Slavery is not a thing of the past: it still exists today

To mark the International Day for the Abolition of Slavery this year, UNSW Sydney reflects on its role in eliminating this issue which currently affects more than 40 million people worldwide.

Wednesday 2 December marks the International Day for the Abolition of Slavery. While slavery may feel like a thing of the past, it still exists today and is often found in the supply chains which bring everyday items to our homes and businesses.

As part of UNSW’s ongoing commitment to minimise modern slavery, a group of students has explored the topic to find out what we really know about it. The results are both thought provoking and informative.

WIL video
Watch the video here.


“Universities and their students are important protagonists in the fight to reduce modern slavery,” said Professor Justine Nolan, UNSW Faculty of Law. “It is a problem that is both local and global. And it is a problem on a massive scale. Generating greater awareness about the issue is a critical first step to making more substantive changes to our purchasing patterns.”

Laws and obligations

In 2018 the Australian Government passed the Modern Slavery Act 2018, which requires that entities based, or operating, in Australia, which have an annual consolidated revenue of more than $100 million, to report annually on the risks of modern slavery in their operations and supply chains, and actions to address those risks.

As part of its response to obligations under the Act, and as an expression of its commitment to human rights and the creation of a just and equal society, the University has published its Modern Slavery Prevention Policy.
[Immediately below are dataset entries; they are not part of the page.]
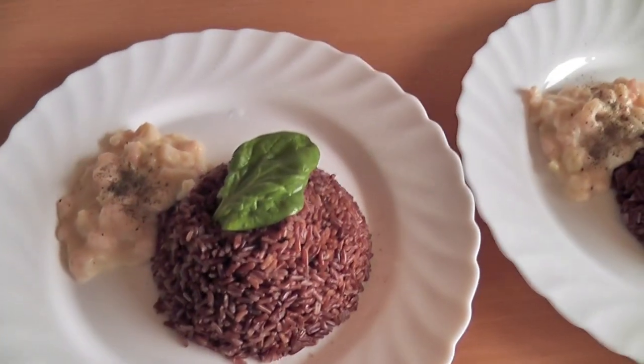Wow guys, this has to be one of the most delicious experimental meals I've ever cooked. My mom really loved it as well. I feel really full but I know that it's healthy and not a fatty food. Definitely give it a go — it's very easy and quick to prepare, although the rice takes about half an hour. While the rice is cooking you can do your makeup or just prepare the rest of the stuff. Give it a go and I'll see you guys soon, bye!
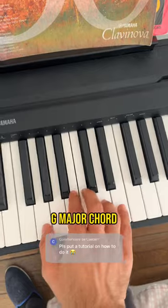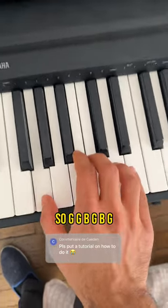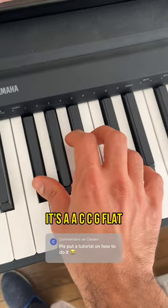The first part is quite easy — it's a G major chord: G, G, B, D, B, G. And then it's A, A, C, C, G flat.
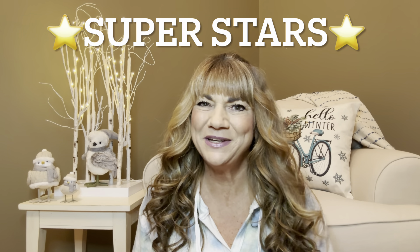Hey superstars, I'm Sue and welcome to my channel Reviews with Sue. If you're a returning subscriber, thank you so much for coming back and supporting our channel. If you're new here, welcome — I'm Sue and I hope you're considering that subscribe button.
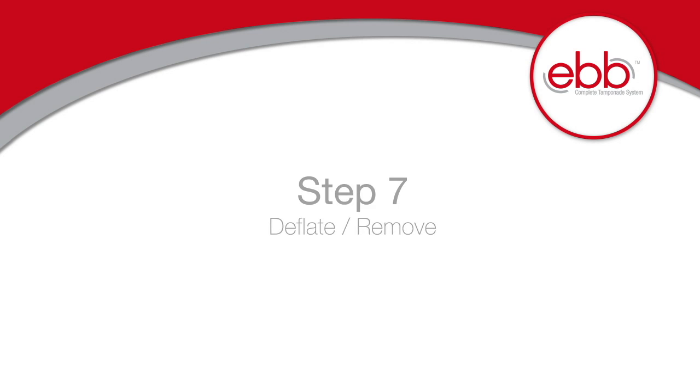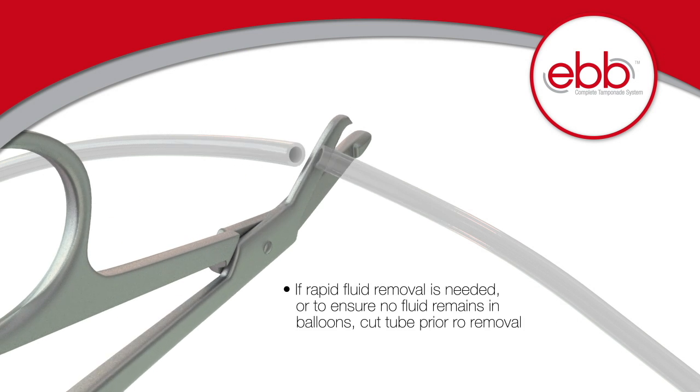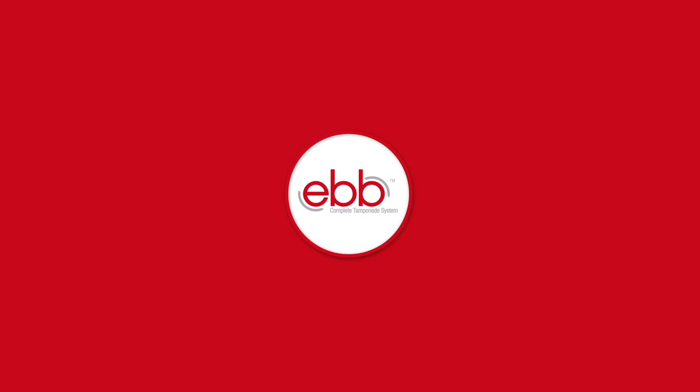Step 7: Deflate and remove. Once tamponade is achieved and the patient is stabilized, open the stopcocks to remove fluids slowly, or titrate using a syringe according to your hospital's protocol. If rapid removal is needed, or to ensure no fluid remains in the balloons, you may cut the tubes prior to removal. Ebb Complete Tamponade System by Clinical Innovations.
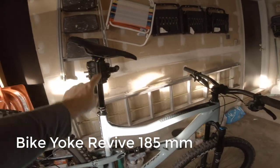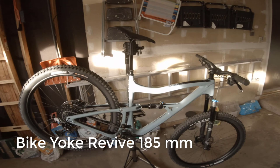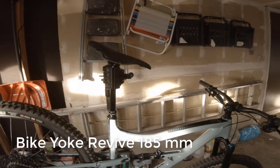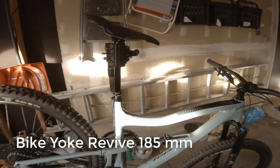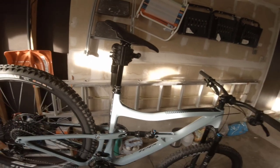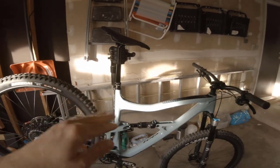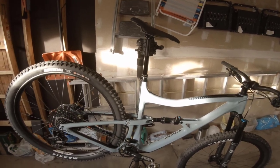Let me tell you the one other upgrade I did. See how long that dropper is? That is a 185mm Bike Yoke Revive, and that was the other upgrade. When you buy it, it's not that much — I think maybe another $70 — and it's completely worth it. It is such a cool little dropper. It's got this little device that you can turn and push the seat down, and when you do that and pull it back up, it eliminates any air that gets caught in the chamber. So if you've ever had a bouncy dropper, it'll knock that air out and go right back up to full extension.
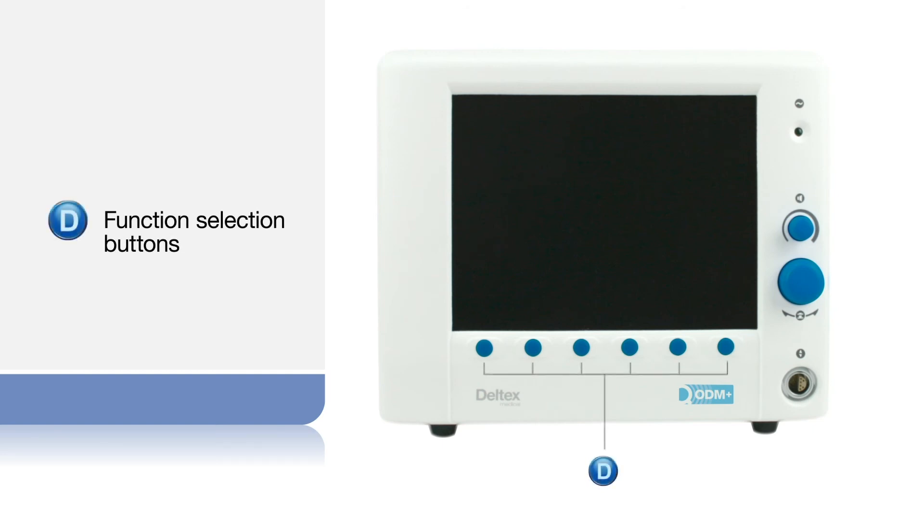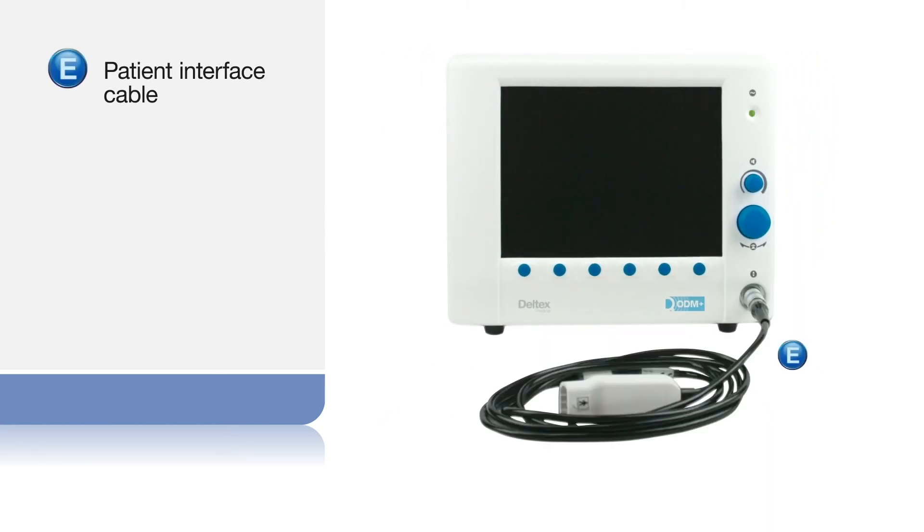Six buttons are used to select the functions displayed along the base of the screen. The socket for the patient interface cable.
The Policy sets out the principles to address and minimise modern slavery risks.

To promote awareness of modern slavery (as detailed in section 2.4 of the policy), Associate Professor Leanne Piggott, Academic Director of Work Integrated Learning (WIL) Central, developed a Term 3 WIL placement opportunity to develop a multimedia Modern Slavery Prevention Toolkit.

“The aim of the WIL placement was to work with students as partners to develop education resources that would speak directly to the UNSW community,” said Associate Professor Piggott.

“Students from Law, Arts & Social Sciences, and Art & Design came together to work in interdisciplinary teams and created five artefacts: an interactive campus map, an animation, a poster campaign, social media infographics, and a video. These were aimed at educating students, staff, and our wider stakeholders on modern slavery issues and how we will work together to combat these in accordance with the new UNSW Modern Slavery Prevention Policy”.

To learn more about the project and the materials developed by the WIL students, visit the WIL website.

Further work undertaken this year

In addition to the WIL project and UNSW’s commitment to breaking the chain of modern slavery, the following work has also been undertaken:

  • Compliance owners have been assigned across the University, working to review and implement robust due diligence systems across our supply chains and all our operations including Human Resources, Estate Management, Finance, IT, Research, Academic and Student Life.
  • Senior leadership teams have been briefed by the Compliance Unit and undertaken formal training conducted by the Legal Office.
  • The Strategic Procurement team has significantly progressed actions to minimise and address our risks in supply chains by implementing a Supplier Charter, introducing modern slavery clauses within all of the contract templates, direct engagement with key suppliers on their risks, and ongoing development of resources, such as templates for tenders.

Elektra Woodrow, Compliance Unit UNSW Legal Office, said, “The University’s approach emphasises the importance of educating people and working collaboratively with our community, including staff, students, suppliers and other organisations. It empowers creativity and multi-fronted action – from the staff-student WIL placement and Strategic Procurement’s supplier engagement pilot to all the heads of business looking at our operational risks – which magnifies our impact.”